[Directions]
Find the line with "Ultimate Guard - 8" in the entries below, then reproduce it and every line after it down to and including the line with "Női XXL-3XL-es kék", exactly.

[Data for this task]
━━━━━━
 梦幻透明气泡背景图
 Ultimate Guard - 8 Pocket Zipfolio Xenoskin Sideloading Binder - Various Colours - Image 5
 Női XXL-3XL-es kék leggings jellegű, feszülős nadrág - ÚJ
━━━━━━
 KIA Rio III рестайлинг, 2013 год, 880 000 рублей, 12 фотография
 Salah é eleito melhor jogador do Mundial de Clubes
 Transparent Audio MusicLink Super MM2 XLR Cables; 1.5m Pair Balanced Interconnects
━━━━━━
[Result for this task]
 Ultimate Guard - 8 Pocket Zipfolio Xenoskin Sideloading Binder - Various Colours - Image 5
 Női XXL-3XL-es kék leggings jellegű, feszülős nadrág - ÚJ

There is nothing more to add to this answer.